These sites were called ZO or zones of oblivion, and its existence lasted until at least the middle of the last decade, at the start of the government of Andres Manuel Lopez Obrador.

In Kaplan, fuga en diez segundos, he is described as a having dull, plaster-white skin with a musty smell typical of someone who has lived in confinement without sun or fresh air, but in the same book there are constant references of the benefits he received, thanks to the definitive corruption of the Mexican prison system, better food, unlimited conjugal visits, poker nights, a cell shared only with the Venezuelan who accompanied him on his escape, and bottles and bottles of whisky and rum.

In September of 1967, the Supreme Court Justice of the Nation denied the appeal of Joel David Kaplan, if the gringo wanted to leave Mexico, he would have to escape. The idea of escape became as ever present in his mind as the air in his lungs.

He conceived a plan to fake appendicitis and agreed with an ambulance driver, his departure and delivery, outside of Mexico City, to a group of two American women and a lame Canadian with whom he would travel to the North looking like tourists. The ambulance driver accepted a payment of 75,000 pesos. The plan failed when the Ambulance driver was fired at work for being drunk with drink he bought with Kaplans money.

His next ruse was, after giving bribes of 100,000 dollars, he would be pronounced dead and his corpse taken out of jail in a body bag, outside his body would be substituted with another actually dead person and he would flee to Peru. He asked for money from his Uncle, executor of his fortune who it turned out would not release the funds.

Judy, David's sister joined in his escape plans. He sought help from CIA ex-agents, ex-lieutenants and deserters of the Cuban regime, and distributed thousands of dollars in any number of ideas that included even burning down the penitentiary.

Something more viable happened in October 1970, when a young Mexican couple acquired some land in the plain of the former Lake of Texcoco, a land that was turned into a chicken farm, just 200 metres from the cell of Kaplan. Instead of increasing the number of chickens, the amount of land increased. The plan was to dig a tunnel that was only foiled when they ran into volcanic lava which was impossible to dig out clandestinely.
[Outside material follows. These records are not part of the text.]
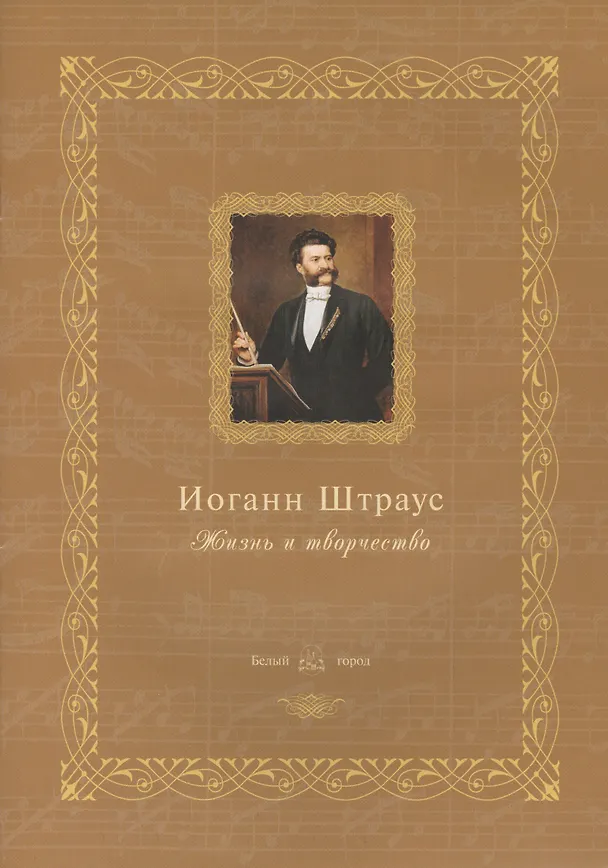 Книга Иоганн Штраус: жизнь и творчество () — 1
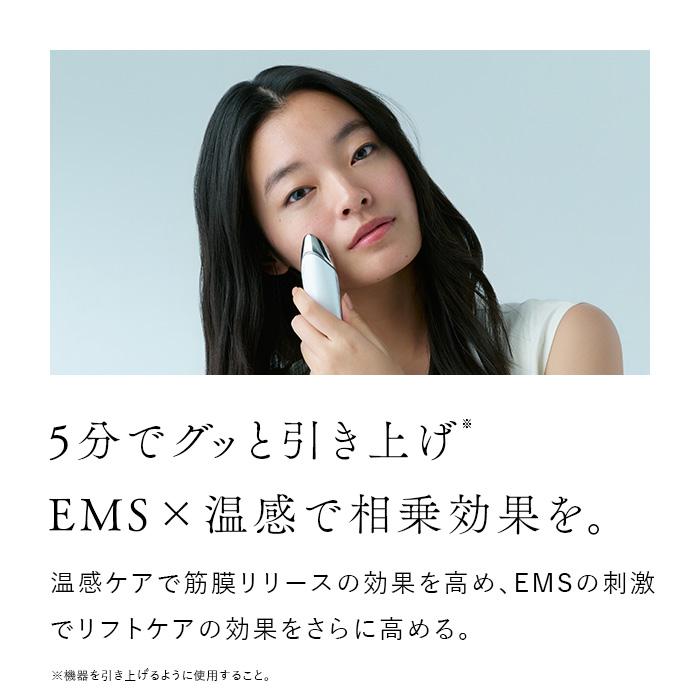 STELLA BEAUTE ビューティフェイススティック 2.0 ピンク 箱有 STELLA BEAUT ステラボーテ ビューティフェイス スティック 2.0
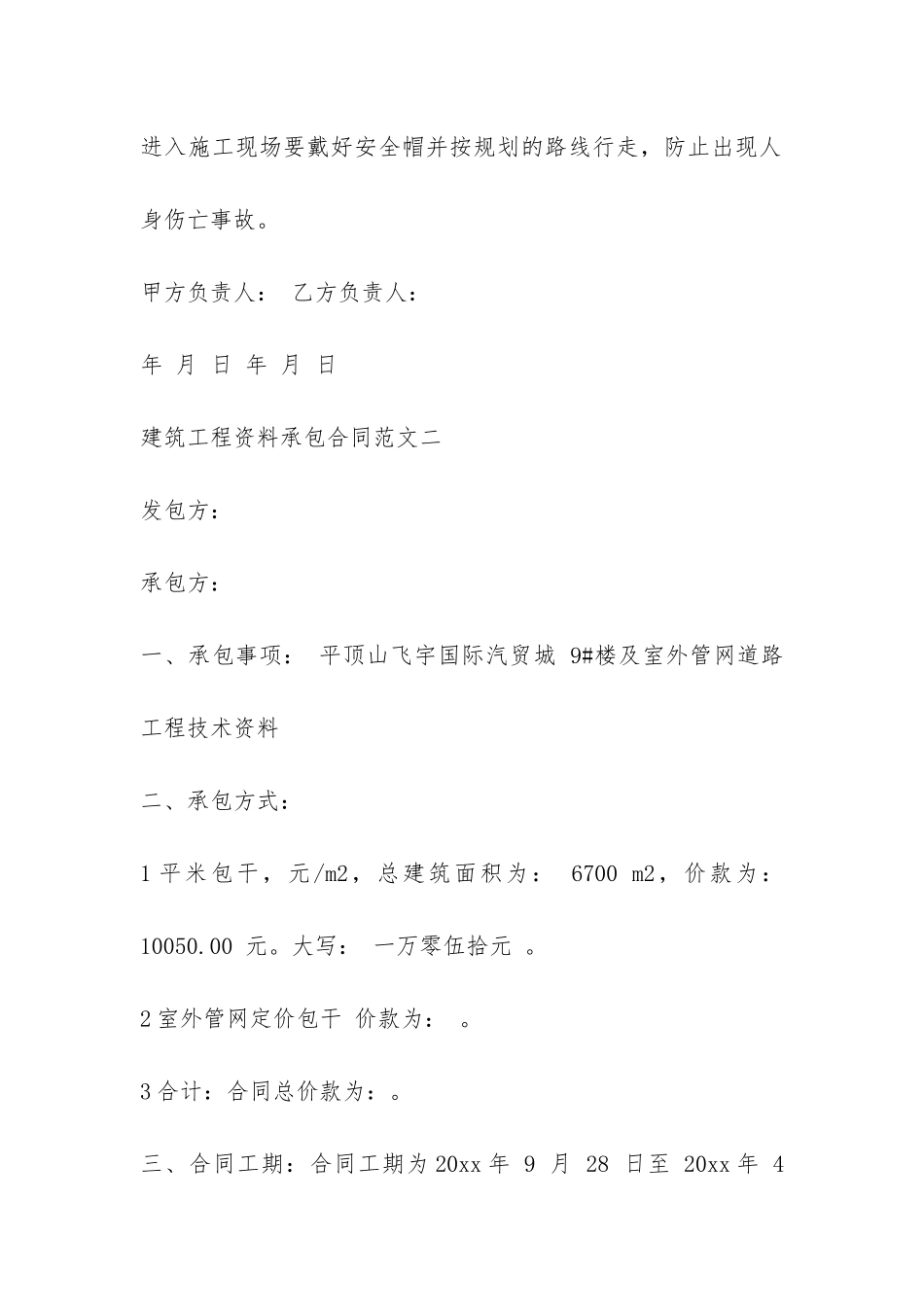 建筑工程资料承包合同格式-_第3页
Judy Kaplan won the support of Victor Stadter, a former world war 2 fighter pilot and smuggler of everything from Capuchin Monkeys to influences gained in the most ostentatious brothels of Latin America.
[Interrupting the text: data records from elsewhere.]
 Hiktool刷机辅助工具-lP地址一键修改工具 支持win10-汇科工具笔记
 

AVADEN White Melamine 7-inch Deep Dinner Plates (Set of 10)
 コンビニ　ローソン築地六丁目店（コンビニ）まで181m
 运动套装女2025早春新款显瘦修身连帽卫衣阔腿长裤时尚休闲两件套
Something that was especially interesting about Stadter, a proud descendant of Prussians and organized crime on the continent; this American was forged as one of the largest carriers of illegal goods flying his own planes, from Guatemala to Texas, a couple of decades before Carillo Fuentes earned the nickname Lord of the Skies.

Kaplan devised another plan that involved him being hidden inside a truck compartment. Another American called Church worked inside the prison building truck compartments which were sold by the prison to private businesses. After Kaplan had given up 50,000 pesos of the 100,000 agreed, Church gave him up.

Another idea was to get a transfer to the prison in Cuernavaca arguing health reasons, the need to breathe clean air at a lower alititude. The prison in the capital of Morelos is described at that time as a prison without doors, in which the prisoners were allowed to go to the city, enjoying great freedom.

The transfer never took place because enough palms could not be greased to make it happen.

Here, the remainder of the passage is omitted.